One of the core values in effective relationships is respect. Without it, it is difficult to experience love and trust, or at least, caring and fairness. Respect occurs as a wide spectrum of factors, ranging from love to fear. Some of the reasons why people respect another are:
- They love the other person.
- They are loved by the other person.
- They like the other person and enjoy their company.
- The other person is or has been very helpful.
- They are in awe of the other person.
- The other person is very helpful.
- The other person has accomplished much.
- The other person is ethical, fair, or virtuous.
- The other person is powerful.
- They are afraid of the other person since they can inflict harm.

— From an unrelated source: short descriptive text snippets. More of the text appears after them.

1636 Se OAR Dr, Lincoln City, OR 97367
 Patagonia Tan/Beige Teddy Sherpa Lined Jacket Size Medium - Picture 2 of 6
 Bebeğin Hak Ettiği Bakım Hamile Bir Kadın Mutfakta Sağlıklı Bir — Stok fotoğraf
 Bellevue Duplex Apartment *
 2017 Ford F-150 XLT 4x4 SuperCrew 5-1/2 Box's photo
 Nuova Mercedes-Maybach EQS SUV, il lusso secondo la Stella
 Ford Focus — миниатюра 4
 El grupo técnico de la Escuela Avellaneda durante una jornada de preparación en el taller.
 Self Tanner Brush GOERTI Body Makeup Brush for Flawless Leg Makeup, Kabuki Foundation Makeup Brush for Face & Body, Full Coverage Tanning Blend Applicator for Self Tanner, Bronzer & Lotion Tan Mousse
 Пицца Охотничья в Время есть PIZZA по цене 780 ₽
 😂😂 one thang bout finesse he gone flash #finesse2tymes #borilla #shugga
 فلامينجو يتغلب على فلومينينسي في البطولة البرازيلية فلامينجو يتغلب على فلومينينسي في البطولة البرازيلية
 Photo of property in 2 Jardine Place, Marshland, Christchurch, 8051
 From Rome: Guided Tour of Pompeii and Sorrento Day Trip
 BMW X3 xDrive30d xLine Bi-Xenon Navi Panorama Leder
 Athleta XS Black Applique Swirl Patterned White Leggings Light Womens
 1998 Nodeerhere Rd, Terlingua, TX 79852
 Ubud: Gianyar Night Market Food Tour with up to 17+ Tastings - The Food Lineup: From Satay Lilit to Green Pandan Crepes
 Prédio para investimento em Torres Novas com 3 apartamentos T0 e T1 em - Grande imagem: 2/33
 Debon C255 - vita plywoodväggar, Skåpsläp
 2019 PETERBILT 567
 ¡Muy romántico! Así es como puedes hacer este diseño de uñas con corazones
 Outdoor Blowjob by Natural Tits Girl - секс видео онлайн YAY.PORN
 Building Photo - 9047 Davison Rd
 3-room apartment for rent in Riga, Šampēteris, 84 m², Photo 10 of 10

What other factors do you think result in respect?
Hart and Hodson, the authors of Respectful Parents Respectful Kids, stress that respect must start with the “self”. They suggest daily exercises that only take a few minutes during which you clearly determine your values by reflecting on:
- what’s important to you,
- remembering what you are grateful for,
- appreciating yourself for your efforts,
- giving yourself empathy for your challenges, and
- celebrating how you are meeting your needs.
The goal is to become more aware of your own authenticity. These are the values by which you are living by and they will have the considerable influence with your children. Whether you discuss them openly or not, how you live these values will be remembered most by your children.
Just to make things more difficult, your values will differ from your child’s … and from the other parent. How you deal with these differences will determine how smooth the ride will be on the way to cooperation.
Navigating successfully through these different value systems may require new skills. You may even have to develop new attitudes. This book introduces many ideas and exercises to help create more cooperative, and therefore more effective, communication habits.
“If there is anything that we wish to change in our children,
we should first examine it and
see whether it is not something that could be better changed in ourselves.”